先日10人くらいでテーブルを囲んで話をする場で、「ふだん自分の意見を話す機会がほとんどない。話すスキルがないのではないかと、ここ一年くらいで思い始めた」という人がいました。でもその話しぶりはすごくじょうずで、なんでそんなことを思うのだろうと考えながら聴きました。
彼女は以前からお話が上手でした。彼女の話を聴いているとき、わたしは迷子になりません。以下が整理されているから。
- どんな状況のできごとなのかがわかる
- 登場人物の関係性がわかる
- 話した、言った、聞いた、思った、推測した。
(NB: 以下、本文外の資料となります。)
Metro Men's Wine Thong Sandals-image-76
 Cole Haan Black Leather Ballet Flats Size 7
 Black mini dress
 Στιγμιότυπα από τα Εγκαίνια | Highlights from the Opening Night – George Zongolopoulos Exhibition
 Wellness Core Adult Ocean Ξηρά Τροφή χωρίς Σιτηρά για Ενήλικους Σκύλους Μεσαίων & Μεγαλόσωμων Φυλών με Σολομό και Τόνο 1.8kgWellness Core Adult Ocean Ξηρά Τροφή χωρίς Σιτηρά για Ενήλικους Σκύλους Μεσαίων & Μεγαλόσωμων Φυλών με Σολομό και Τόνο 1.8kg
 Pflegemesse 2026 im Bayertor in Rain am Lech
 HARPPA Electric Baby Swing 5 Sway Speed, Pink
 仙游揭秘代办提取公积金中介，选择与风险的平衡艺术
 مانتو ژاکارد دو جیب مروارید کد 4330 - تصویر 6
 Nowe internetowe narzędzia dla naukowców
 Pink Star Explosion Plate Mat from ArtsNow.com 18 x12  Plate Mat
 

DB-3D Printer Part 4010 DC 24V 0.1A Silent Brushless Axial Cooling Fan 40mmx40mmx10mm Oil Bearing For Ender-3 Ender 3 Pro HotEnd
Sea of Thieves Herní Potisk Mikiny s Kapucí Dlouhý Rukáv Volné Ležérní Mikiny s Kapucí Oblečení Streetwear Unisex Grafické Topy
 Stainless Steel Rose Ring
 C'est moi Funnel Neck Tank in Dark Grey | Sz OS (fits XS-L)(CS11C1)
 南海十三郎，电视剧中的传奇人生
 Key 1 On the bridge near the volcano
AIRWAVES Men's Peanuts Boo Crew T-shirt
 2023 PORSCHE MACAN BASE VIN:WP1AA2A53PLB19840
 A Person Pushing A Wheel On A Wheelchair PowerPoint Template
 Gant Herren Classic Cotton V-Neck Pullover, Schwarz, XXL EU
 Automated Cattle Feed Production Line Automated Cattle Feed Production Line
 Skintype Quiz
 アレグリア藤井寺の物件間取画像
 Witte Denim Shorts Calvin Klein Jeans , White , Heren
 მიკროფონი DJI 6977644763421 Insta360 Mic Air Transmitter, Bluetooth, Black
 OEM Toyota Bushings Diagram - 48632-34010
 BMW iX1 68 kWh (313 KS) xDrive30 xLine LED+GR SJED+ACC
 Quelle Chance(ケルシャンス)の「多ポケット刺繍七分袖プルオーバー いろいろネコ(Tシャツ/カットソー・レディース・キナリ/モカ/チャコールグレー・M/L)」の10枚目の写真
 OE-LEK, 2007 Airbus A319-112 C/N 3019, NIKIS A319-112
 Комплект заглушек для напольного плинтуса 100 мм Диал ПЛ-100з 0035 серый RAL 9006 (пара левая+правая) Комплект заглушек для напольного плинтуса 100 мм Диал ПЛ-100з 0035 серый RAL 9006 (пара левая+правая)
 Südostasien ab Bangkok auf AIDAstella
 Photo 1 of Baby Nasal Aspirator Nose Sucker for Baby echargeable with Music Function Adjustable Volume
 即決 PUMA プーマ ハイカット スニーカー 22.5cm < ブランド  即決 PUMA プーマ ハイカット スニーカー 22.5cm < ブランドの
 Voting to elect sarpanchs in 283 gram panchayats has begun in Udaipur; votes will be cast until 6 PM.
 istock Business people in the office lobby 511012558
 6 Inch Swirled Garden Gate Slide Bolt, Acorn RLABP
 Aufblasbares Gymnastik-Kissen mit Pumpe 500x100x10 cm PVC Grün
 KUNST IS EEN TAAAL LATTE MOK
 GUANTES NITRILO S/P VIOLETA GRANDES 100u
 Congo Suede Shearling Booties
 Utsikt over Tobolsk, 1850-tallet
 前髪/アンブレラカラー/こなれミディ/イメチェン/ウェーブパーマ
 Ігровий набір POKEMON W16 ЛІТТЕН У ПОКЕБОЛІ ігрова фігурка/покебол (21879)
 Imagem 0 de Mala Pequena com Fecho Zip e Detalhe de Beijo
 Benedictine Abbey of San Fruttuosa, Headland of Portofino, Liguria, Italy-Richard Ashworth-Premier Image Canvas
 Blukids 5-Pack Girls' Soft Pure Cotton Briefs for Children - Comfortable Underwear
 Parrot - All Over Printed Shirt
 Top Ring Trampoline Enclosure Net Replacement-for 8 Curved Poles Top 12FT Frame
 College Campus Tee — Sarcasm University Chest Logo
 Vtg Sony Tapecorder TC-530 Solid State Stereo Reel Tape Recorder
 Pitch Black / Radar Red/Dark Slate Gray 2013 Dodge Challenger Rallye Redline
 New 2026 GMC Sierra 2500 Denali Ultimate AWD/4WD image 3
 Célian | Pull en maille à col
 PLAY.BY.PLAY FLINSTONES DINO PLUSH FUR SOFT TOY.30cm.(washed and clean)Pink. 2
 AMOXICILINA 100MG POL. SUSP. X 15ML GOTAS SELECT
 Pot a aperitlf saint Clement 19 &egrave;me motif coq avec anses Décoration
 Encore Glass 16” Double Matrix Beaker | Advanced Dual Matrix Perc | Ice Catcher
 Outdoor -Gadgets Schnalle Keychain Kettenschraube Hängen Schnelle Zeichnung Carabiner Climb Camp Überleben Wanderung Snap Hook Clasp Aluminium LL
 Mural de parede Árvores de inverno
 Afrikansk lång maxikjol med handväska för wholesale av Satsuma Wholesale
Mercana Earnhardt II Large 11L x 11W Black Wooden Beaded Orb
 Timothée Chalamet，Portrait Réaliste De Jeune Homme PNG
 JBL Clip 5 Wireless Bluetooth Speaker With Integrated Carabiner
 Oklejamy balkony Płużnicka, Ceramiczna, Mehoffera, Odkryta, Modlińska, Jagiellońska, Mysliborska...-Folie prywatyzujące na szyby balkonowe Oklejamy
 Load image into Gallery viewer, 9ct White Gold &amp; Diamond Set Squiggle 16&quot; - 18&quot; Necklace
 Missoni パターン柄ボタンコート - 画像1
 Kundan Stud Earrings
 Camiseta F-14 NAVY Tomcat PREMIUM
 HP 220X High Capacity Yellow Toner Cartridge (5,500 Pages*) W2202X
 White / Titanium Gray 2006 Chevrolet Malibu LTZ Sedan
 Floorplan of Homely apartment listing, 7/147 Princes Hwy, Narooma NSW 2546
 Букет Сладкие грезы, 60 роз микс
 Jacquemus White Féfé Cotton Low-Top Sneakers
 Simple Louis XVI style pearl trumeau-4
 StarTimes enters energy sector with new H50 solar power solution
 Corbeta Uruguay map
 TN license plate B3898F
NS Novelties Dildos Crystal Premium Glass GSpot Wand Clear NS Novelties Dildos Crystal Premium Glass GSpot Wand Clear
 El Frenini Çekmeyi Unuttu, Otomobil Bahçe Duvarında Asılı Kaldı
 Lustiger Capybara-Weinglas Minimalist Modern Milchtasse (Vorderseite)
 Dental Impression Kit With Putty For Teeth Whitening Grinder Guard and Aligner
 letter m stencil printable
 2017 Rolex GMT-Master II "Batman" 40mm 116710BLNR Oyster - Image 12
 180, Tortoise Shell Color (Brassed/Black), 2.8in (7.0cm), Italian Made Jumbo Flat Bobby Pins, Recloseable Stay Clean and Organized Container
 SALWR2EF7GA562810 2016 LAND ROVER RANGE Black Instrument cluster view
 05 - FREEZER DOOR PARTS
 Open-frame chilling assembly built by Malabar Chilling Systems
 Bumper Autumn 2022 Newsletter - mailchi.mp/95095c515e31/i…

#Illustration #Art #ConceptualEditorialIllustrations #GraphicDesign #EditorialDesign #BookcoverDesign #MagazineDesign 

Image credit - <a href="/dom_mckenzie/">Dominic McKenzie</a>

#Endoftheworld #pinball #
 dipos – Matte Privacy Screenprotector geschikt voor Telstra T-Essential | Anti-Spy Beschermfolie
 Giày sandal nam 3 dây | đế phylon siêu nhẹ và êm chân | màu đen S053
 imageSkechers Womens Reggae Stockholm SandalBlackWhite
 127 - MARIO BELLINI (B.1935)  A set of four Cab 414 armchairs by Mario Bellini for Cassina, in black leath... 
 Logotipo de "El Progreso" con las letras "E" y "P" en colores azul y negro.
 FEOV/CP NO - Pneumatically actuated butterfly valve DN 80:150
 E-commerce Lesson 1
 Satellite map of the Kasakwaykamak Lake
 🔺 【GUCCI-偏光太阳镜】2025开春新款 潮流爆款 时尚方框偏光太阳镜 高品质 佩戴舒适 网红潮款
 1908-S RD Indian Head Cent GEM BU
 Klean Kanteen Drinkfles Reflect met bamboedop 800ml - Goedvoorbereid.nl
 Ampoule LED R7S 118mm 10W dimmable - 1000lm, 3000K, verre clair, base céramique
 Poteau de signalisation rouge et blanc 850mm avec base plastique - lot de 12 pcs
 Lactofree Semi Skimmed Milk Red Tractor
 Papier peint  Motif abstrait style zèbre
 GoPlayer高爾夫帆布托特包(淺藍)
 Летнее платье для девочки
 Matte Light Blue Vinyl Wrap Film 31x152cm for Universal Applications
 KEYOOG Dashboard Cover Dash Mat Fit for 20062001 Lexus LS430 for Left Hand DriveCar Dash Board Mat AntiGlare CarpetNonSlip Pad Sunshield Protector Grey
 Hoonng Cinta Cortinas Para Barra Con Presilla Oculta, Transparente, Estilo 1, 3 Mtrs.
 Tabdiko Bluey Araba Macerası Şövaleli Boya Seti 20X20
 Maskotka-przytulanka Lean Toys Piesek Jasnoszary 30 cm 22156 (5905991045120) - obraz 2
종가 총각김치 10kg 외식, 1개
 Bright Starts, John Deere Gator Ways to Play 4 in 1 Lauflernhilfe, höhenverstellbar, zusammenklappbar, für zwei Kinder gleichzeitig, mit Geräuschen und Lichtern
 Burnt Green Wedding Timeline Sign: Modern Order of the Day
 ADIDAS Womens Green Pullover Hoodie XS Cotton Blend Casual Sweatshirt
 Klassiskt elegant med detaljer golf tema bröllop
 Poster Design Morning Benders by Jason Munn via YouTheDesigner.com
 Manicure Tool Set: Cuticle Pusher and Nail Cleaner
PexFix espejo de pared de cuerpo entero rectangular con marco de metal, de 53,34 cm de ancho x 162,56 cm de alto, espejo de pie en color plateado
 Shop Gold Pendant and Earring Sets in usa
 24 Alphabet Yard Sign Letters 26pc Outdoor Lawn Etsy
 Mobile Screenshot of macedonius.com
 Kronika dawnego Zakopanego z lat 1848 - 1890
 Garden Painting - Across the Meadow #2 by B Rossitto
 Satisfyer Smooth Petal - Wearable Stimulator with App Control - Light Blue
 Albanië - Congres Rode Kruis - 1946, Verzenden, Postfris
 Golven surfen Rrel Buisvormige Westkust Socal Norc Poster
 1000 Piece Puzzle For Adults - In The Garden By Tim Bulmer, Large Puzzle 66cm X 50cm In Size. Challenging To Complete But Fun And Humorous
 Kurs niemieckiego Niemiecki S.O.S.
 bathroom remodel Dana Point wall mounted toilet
それぞれの主語がわかる
- 実際にあったこと、思っただけのことの違いわかる
- 過去の感情と現在の感情の時制がわかる
- 初対面の人でも聞いていて状況がわかる
これらの要件を満たしているので、すぐに深い話に入っていけます。
彼女は、もしかしたらいわゆる「プレゼンぽい話しかた」ができないと思っているだけではないかな。でもそれは「お金の取れる級の人」の話しかた。などと、あとで思いをめぐらせました。先にも書きましたが、彼女は話がじょうずです。相対的に見てそう思うのですが、状況が一律ではないため100%客観的な評価ではありません。比較の範囲もわたしが話を聴いてきた人たちに限られています。
話すスキルは、話し方の講座もあったりして、声やビジュアルなども関係してきます。意見を示すとなると、これはテキストだけの場合もあります。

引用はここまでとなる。